タマムシ八角堂
タマムシを使った建造物と云うと法隆寺の「玉虫厨子」が有名だ。やはり、飛鳥時代からタマムシの羽(鞘)は美しいものとして人々に重宝された。
ここ秩父吉田玉虫の会でも、そのシンボルとして「玉虫八角堂」が製作された。秩父吉田がいつまでもタマムシの住める自然環境であることを願って、現在は吉田元気村に飾られている。玉虫700匹で屋根ができているのだが、すべて飼育したタマムシが亡くなった後の鞘だけを使っている。捕獲して直ぐに殺生をするのではなく、やがて寿命を迎えて息絶えた固体だけを使用するという徹底振りは賞賛に値する。標本を否定する気は毛頭ないが、タマムシへの愛情が垣間見れるエピソードでもある。

もちろん本体は桐で造られている。やはりタマムシといったら桐だ。蛇足ではあるが、この地方で映画の撮影があったとき、民宿に宿泊した俳優やスタッフに対して、オーナーは記念として桐箱入りのタマムシをプレゼントした。虫嫌いは多いかもしれないが、タマムシを嫌いな人は少なかったらしい。もちろん成虫限定だが。
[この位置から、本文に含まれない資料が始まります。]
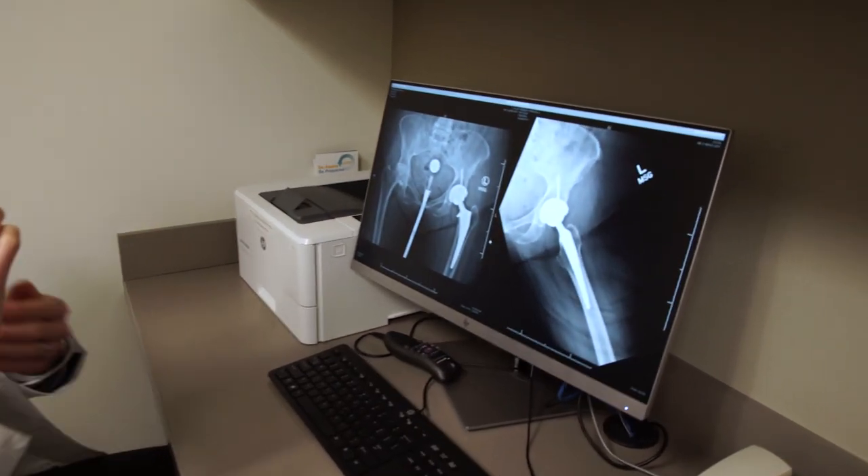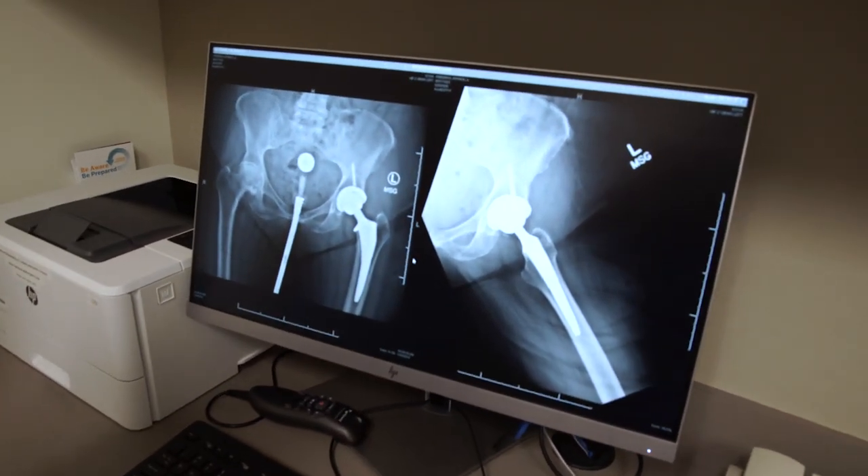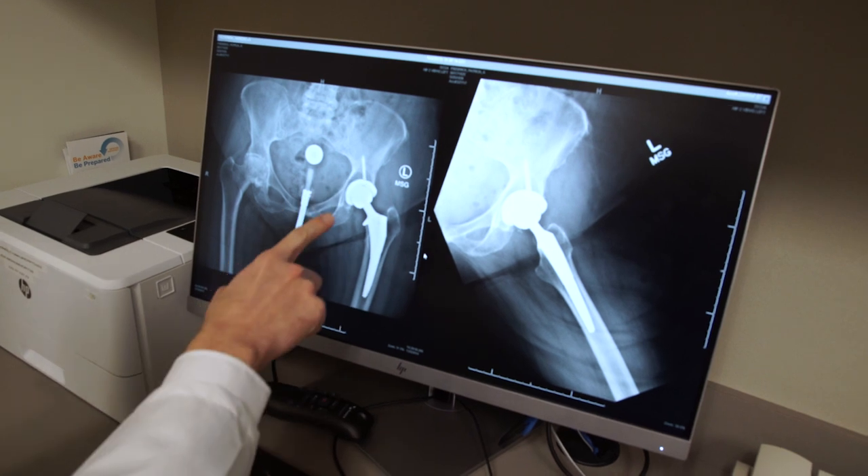There are certain situations where the robot can be particularly effective. One of those is for patients who have very unusual bony anatomy. Another is if there's existing hardware already in the area of surgery — we can work around that much more easily using the robotic equipment.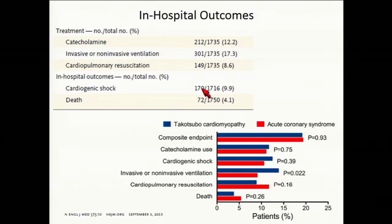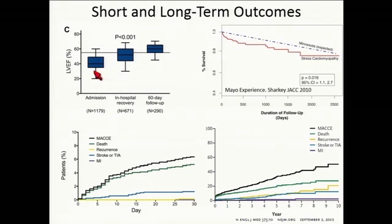In the registry, cardiogenic shock occurred in about 10 percent and death in 4 percent of patients. Compared to classic ACS patients, in-hospital outcomes were very similar between Takotsubo and ACS. Looking at short and long-term outcomes, the typical pattern is reduced left ventricular function that improves by hospital discharge and returns to normal in most patients. At 30 days, overall death is about 4 to 5 percent with a low rate of recurrence. From the Mayo experience, there is an initial risk that then stabilizes, with a long-term recurrence rate of 10 to 15 percent at five years.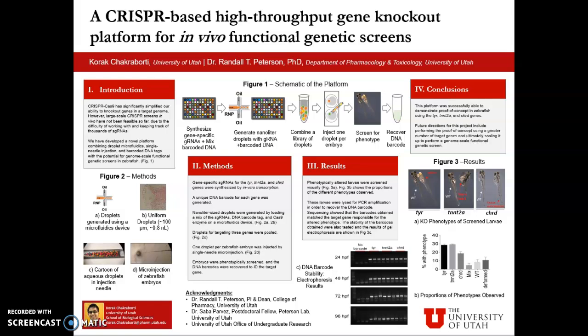To tackle this issue, I have been working with Dr. Randall Peterson and Dr. Sabab Harvest in the Peterson Lab, and we have developed a novel platform with the potential for genome-scale functional genetic screens in zebrafish. Our platform combines droplet microfluidics, single-needle micro-injection, and barcoded DNA tags.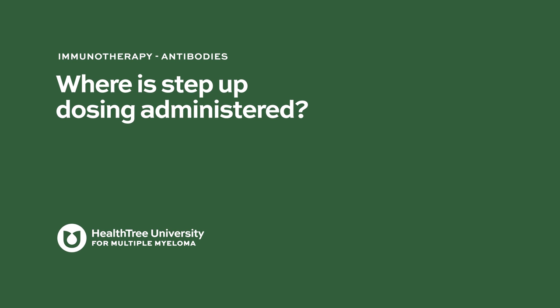Where is step-up dosing administered? It is administered in the hospital for the first three doses — the first two lower step-up doses and the third target dose — because patients are being monitored for cytokine release syndrome, making sure they're not having untoward side effects. After the third week, doses are administered in the outpatient setting, which is much more convenient for patients. This may change in the future as we get better at managing and predicting CRS and identifying which patients may be at risk, but for now it does require inpatient observation for the first several doses.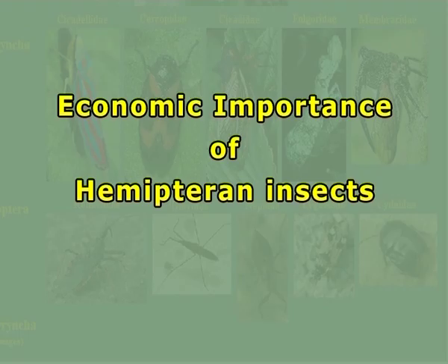Hemiptera's economic importance: Many species of Hemipterans cause both direct damage by their feeding and egg-laying, and indirect damage by transmitting disease-causing plant pathogens like bacteria, phytoplasma, viruses, etc. to crop plants. Several species of aphids, leafhoppers, whiteflies, scales, and mealybugs are well-known vectors of these organisms.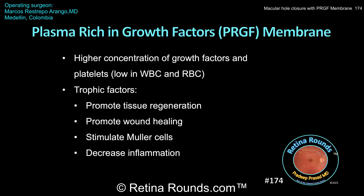The plasma fraction used to make a PRGF membrane has a high concentration of growth factors and platelets, with a much lower concentration of white blood cells and red blood cells compared to whole blood. It's hypothesized that the trophic factors from the PRGF membrane can promote tissue regeneration, wound healing, stimulate Müller cells, and decrease inflammation. The membrane itself may also serve as a scaffold to encourage macular hole closure.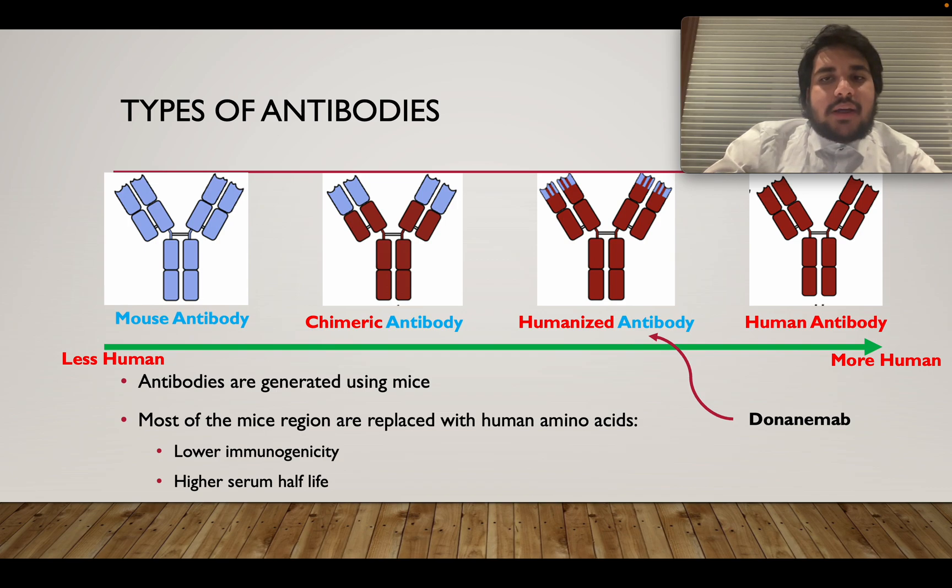Donanimab is actually a humanized antibody. So even though it's generated using mice, most of the sequences have been replaced with human amino acid sequences. The reason we do this is, one, it allows the antibody to have a lower immunogenicity profile, so other antibodies in your body aren't attacking it thinking it's a foreign particle from the mouse. It also allows the antibody to remain undetected for a longer period of time, which increases its serum half-life — meaning it stays in the body longer without causing a negative reaction.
住みやすい自然環境を未来も守っていくためのシンボルとして製作したのが「玉虫八角堂」。六角ダムの麓にある「吉田元気村」内に展示されている。近くの売店でタマムシの鞘が入ったお守りを購入可能。


なぜ桐なのか
生まれたときに植えた苗が、お嫁に行くときに箪笥を作ることなどできるのだろうか。素朴な疑問ではあるが、それを可能にするのは桐という樹木の成長力だ。とにかく桐の成長は早い。15~20年で箪笥が作れるまでに成長するのだ。 杉は80年が必要なのを考えれば、桐は1/4の期間で加工可能な大きさになる。さらに防虫効果があり、軽量と文句の付け所がない。それなのに高価なのは、あまり植樹がされていないからだ。それは、ひとえに軽さゆえの弱さからだ。強度がなく、傷つきやすいため、保存・管理が大変なのである。